In June 1778, the East Florida Rangers partook in the effort to defend Fort Tonyn from a Continental invasion led by General Robert Howe. Seventy-six members of the East Florida Rangers, led by Lt. James Moore, attempted to flank the advancing American army. Moore's plans were however leaked and the East Florida Rangers were ambushed. Lt. Moore fell in the attack.

== 1779 ==
In 1779 the East Florida Rangers were reorganised into a regiment of infantry, becoming the King's Carolina Rangers on the orders of Brigadier-general Augustine Prevost. The unit continued to be led by Lt. Col. Thomas Brown.

In January 1779, The KCR formed part of the British force which took Augusta.

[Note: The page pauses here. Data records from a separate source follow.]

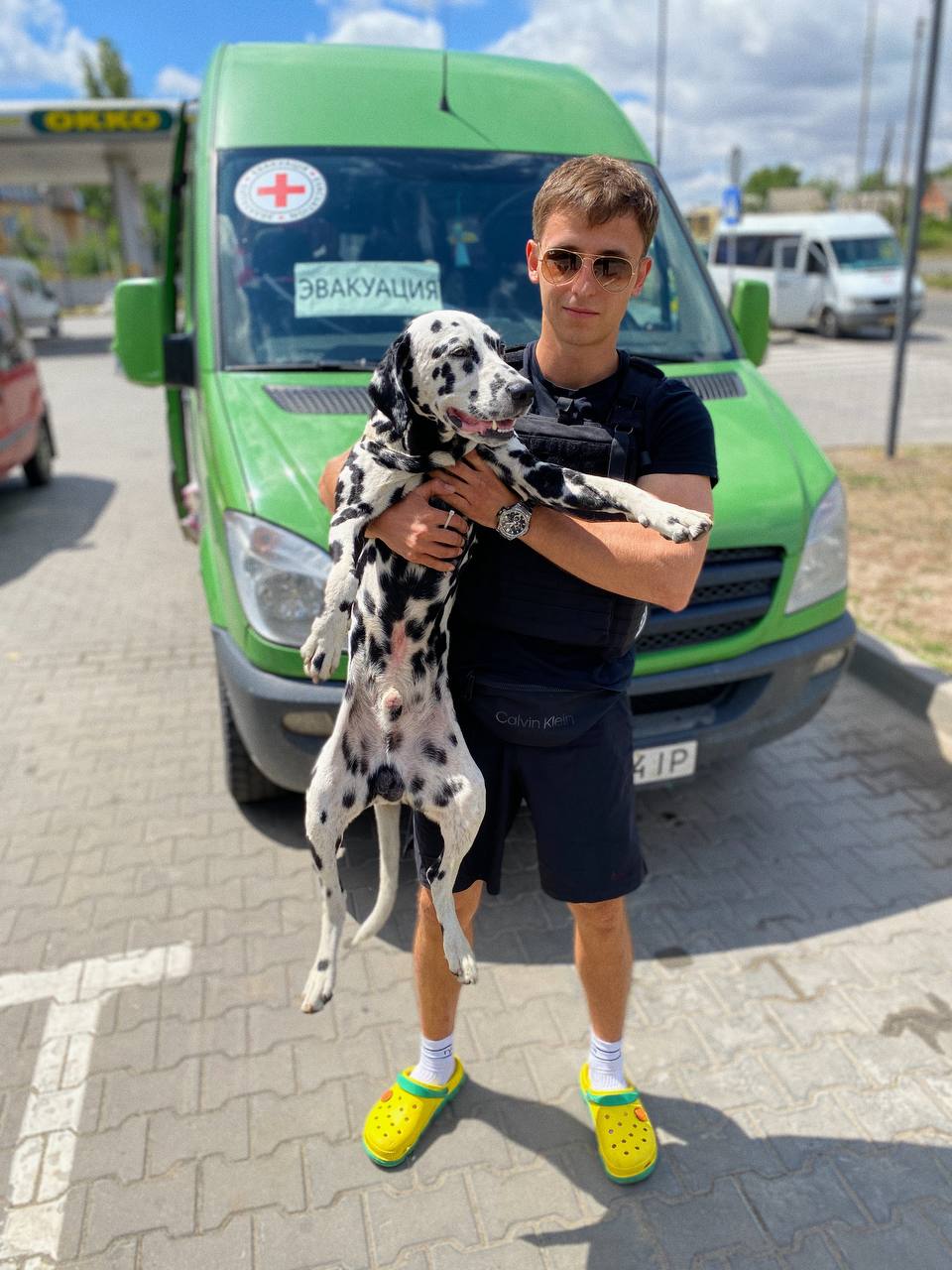 "Своим примером хочу показать, как можно помогать": как украинский музыкант эвакуирует людей с линии фронта (фото)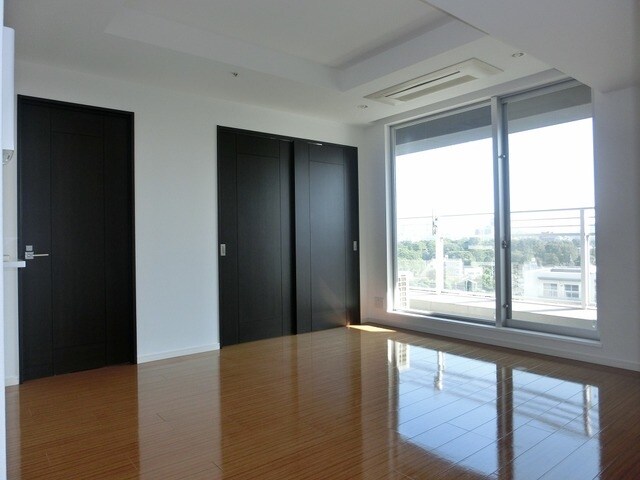 エアライズタワーの物件内観写真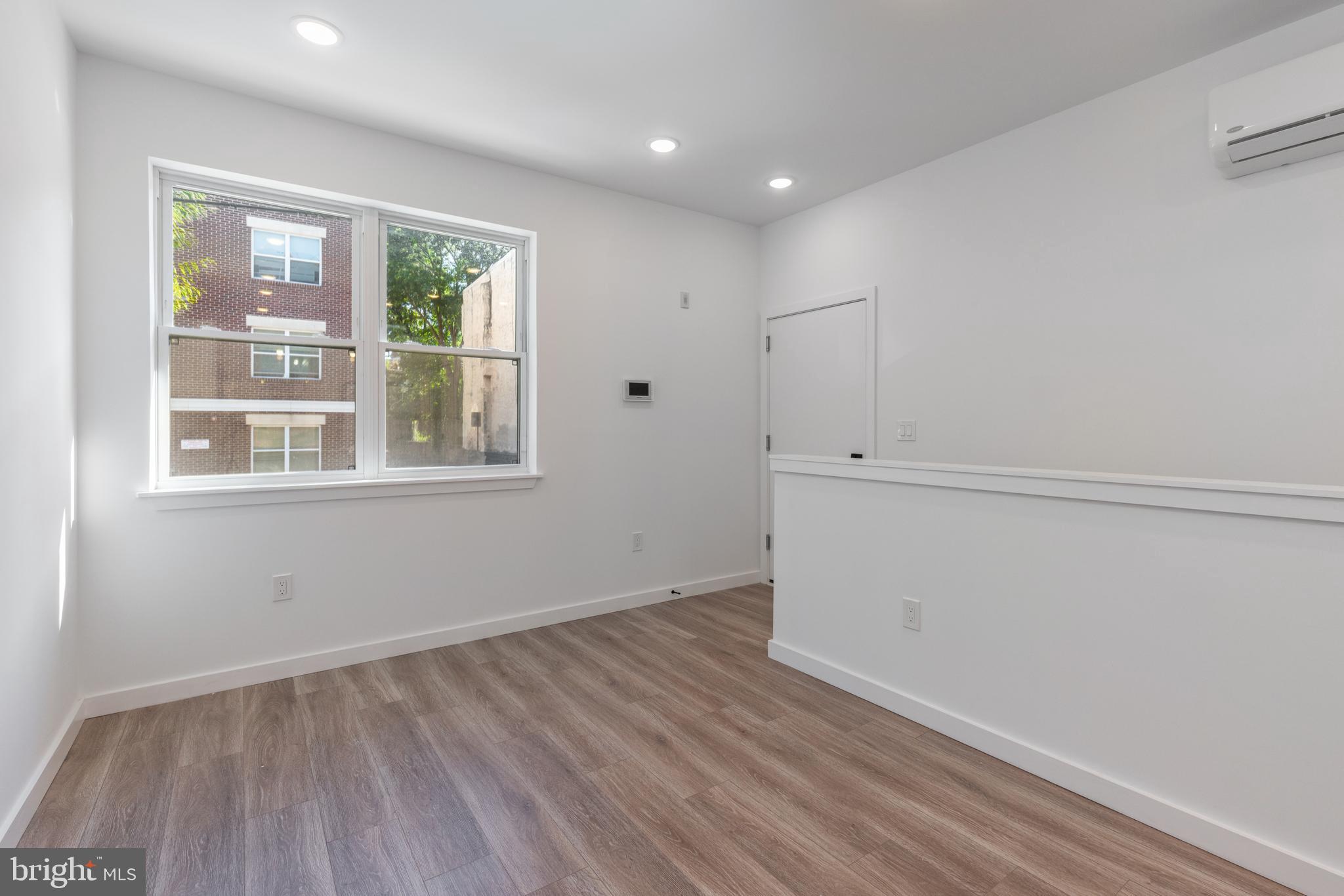 UNIVERSITY CITY - Residential Income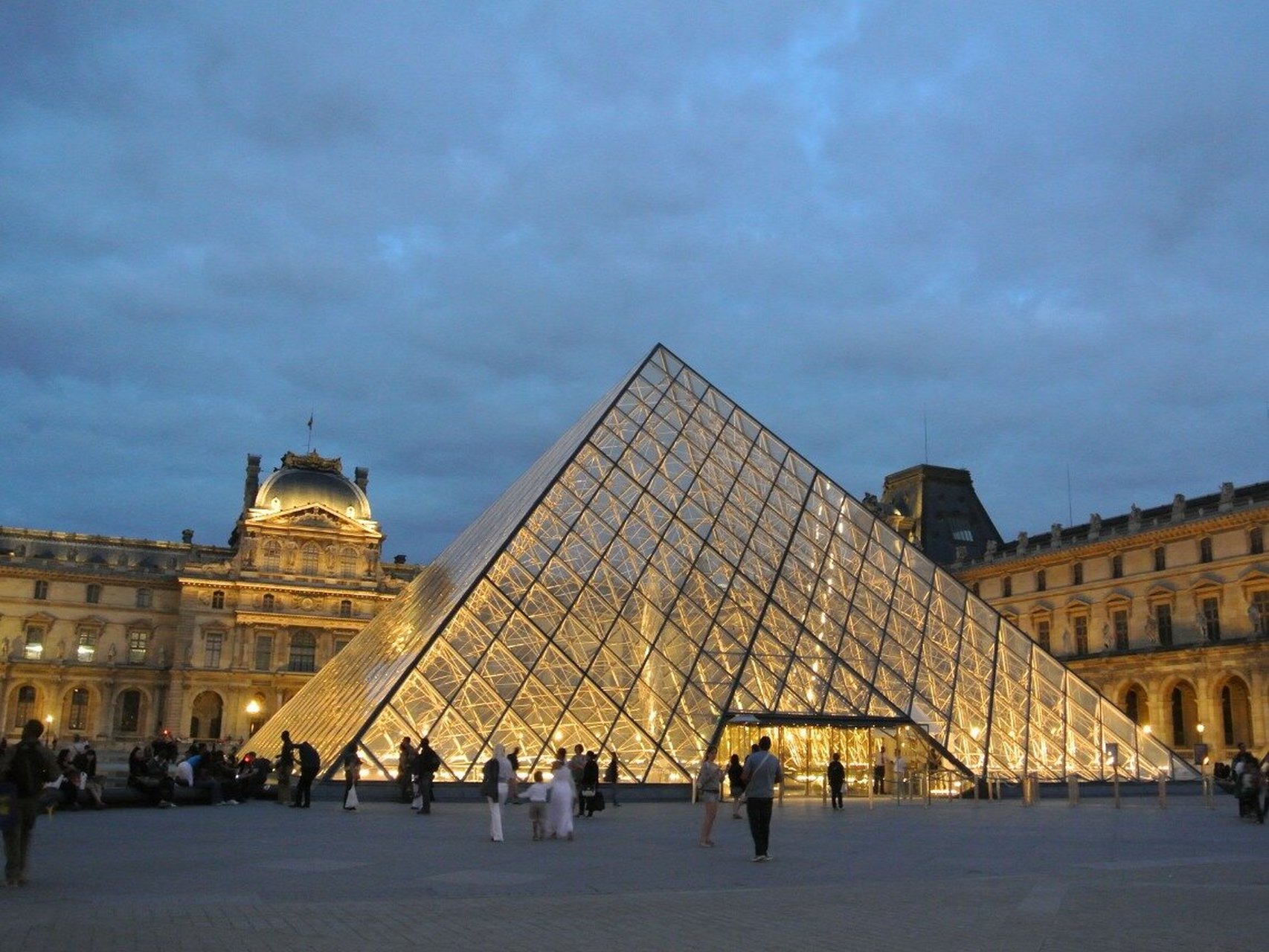 华裔设计师贝聿铭与卢浮宫金字塔的传奇故事 骄傲的法国人为什么会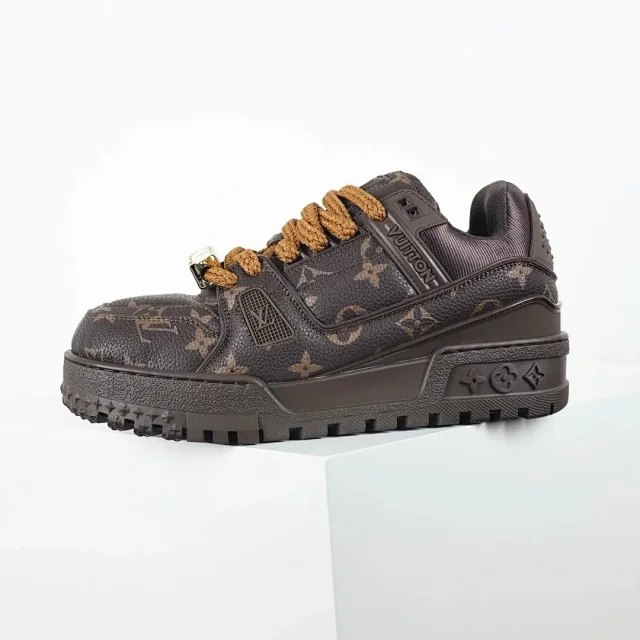 Louis Vuitton Sneakers Rhinestone-embellished low-top product detail image 61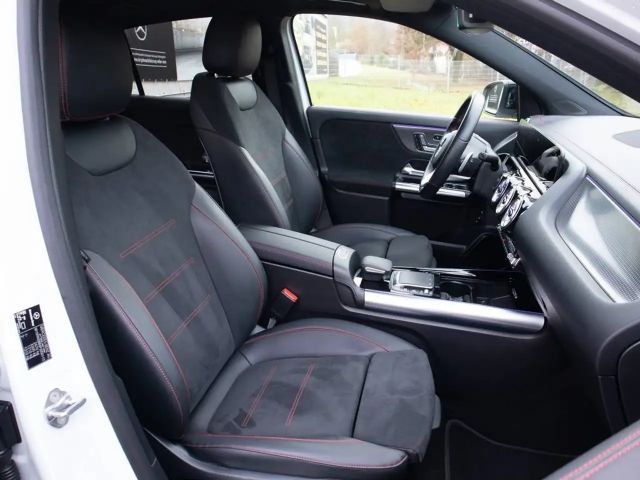 Mercedes-Benz EQA 250 AMG Line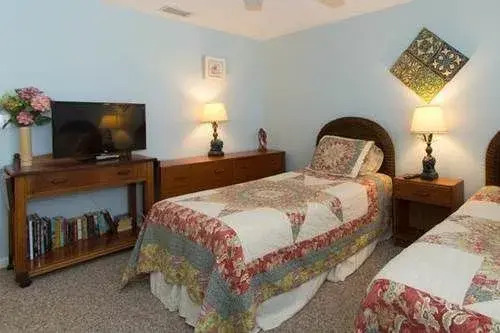 Blue Dolphin Inn by Island Vacation Properties - photo 43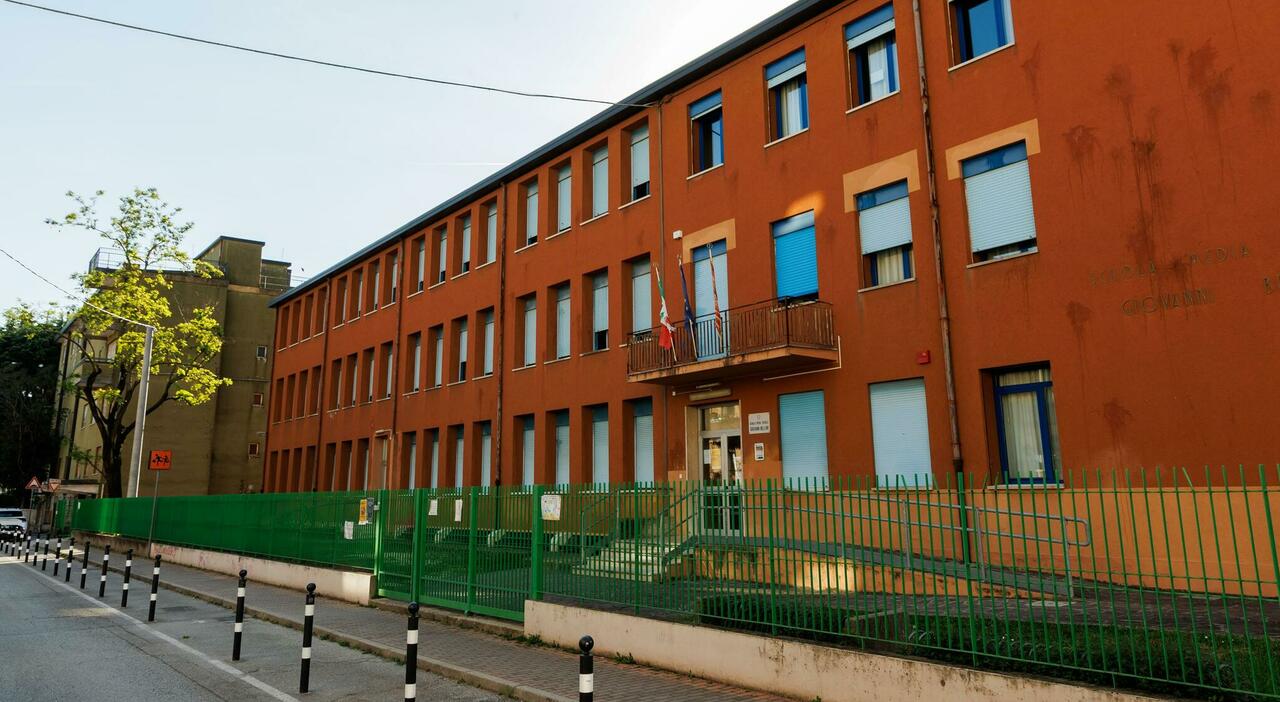 prof taglia i capelli a due alunne delle medie davanti ai loro compagni volevo solo farmi capire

Weeks later in February, they assisted during the Battle of Kettle Creek during the British retreat from Augusta. The KCR then partook in the decisive British victory at the Battle of Brier Creek.

In April, the KCR formed part of the vanguard of General Provost's advance on Charleston before being assigned to Ebenezer, Georgia in July.

In September, the KCR were deployed on the extreme right on the British line during the successful defence of Savannah.

== 1780 ==
In June 1780, the KCR led the British advance from Savannah to retake Augusta. With the city captured, the KCR became responsible for patrolling the surrounding area and suppressing patriot activity. In August, the unit partook in the defeat at the Battle of Hanging Rock.

Following the repelling of an attack on Augusta in September, the KCR fortified their position with the construction of Fort Cornwallis adjacent to Saint Paul's Church.

== 1781 ==

In April a patriot militia force led by Micajah Williamson set up camp in close proximity to Augusta. Lt. Col. Brown, commanding a force of approximately 300 militiamen and 200 African Americans, refused to engage due to exaggerated reports of the patriot's strength. In May, Williamson was joined by Elijah Clarke and Henry 'Light Horse Harry' Lee, bringing with them additional troops. General Andrew Pickens and 400 American troops managed to cut off relief forces sent to alleviate Fort Cornwallis at Ninety Six, allowing for the Siege of Augusta to begin.

On May 23 nearby Fort Grierson fell, leaving the KCR and Lt. Col. Thomas Brown isolated, albeit well defended, in Fort Cornwallis. The besieging army only had one cannon and proved ineffective against the forts walls. To counter this, the patriots constructed a 30 feet (9.1 m) high wooden tower in order to allow their singular cannon to fire down into the fort. The KCR made several sorties to prevent its construction however were repelled each time.

On June 1 the tower was high enough to prove effective, knocking the KCR's guns off of their mounts and destroying the barracks. On June 4 the patriots assault Fort Cornwallis and demanded surrender. Lt. Co. Brown refused due to it being the King's birthday.

On June 5 Lt. Col. Brown negotiated a surrender and was taken prisoner alongside the rest of the KCR. Brown was then paroled, alongside most of his troops, by Nathanael Green and escorted to Savannah on the agreement they would not re-enter the war.

== 1782 ==
Following defeat at Augusta, the KCR was again put on to active duty, partaking in a number of small skirmishes throughout Georgia. With the evacuation of Savannah in July, the KCR embarked for Charleston, where they remained until October. Then, with the Royal North Carolina Regiment and the South Carolina Royalists, they embarked for St. Augustine to garrison East Florida.

== 1783 ==
The KCR spent most of the year garrisoned in St. Augustine. The unit was then ‘decommissioned’ in late 1783 following the signing of the Treaty of Paris and the cessation of hostilities. Individuals serving in the KCR were unable to remain in Florida owing to the agreed transfer of the state to Spain by Britain. As a result, those who served sought to resettle elsewhere in the British Empire. A popular destination was Nova Scotia in British Canada where the unit had received a land grant outside of Country Harbour.